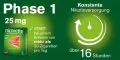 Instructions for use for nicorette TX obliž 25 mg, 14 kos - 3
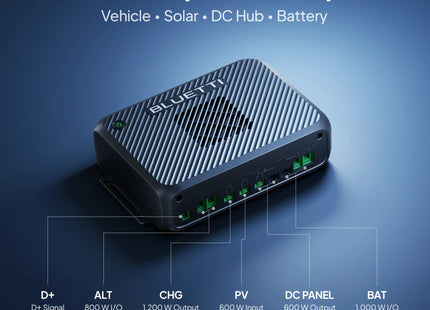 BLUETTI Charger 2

--

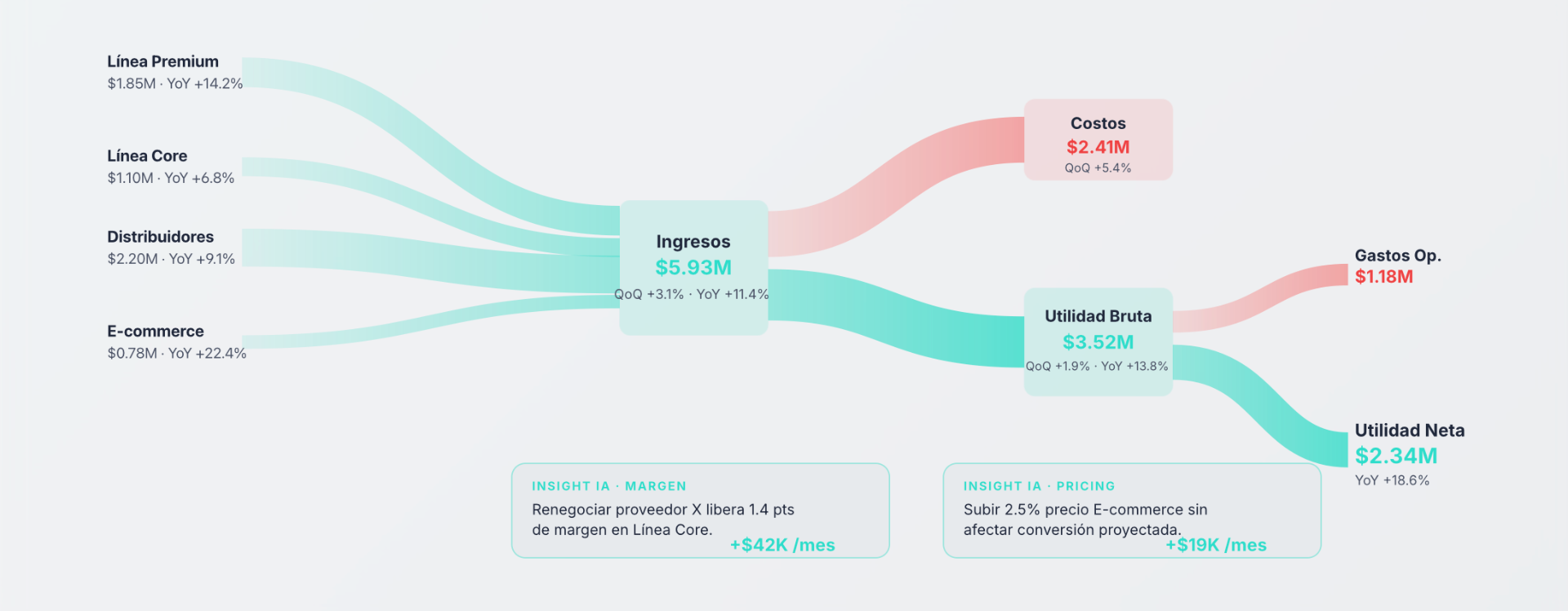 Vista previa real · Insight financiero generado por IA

Task instructions
Beginning with the line above that has "Instructions for use" and going on through the line that has "BLUETTI Charger 2", retype every line exactly and add nothing else; drop the pictures.

Task solution
 Instructions for use for nicorette TX obliž 25 mg, 14 kos - 3
 BLUETTI Charger 2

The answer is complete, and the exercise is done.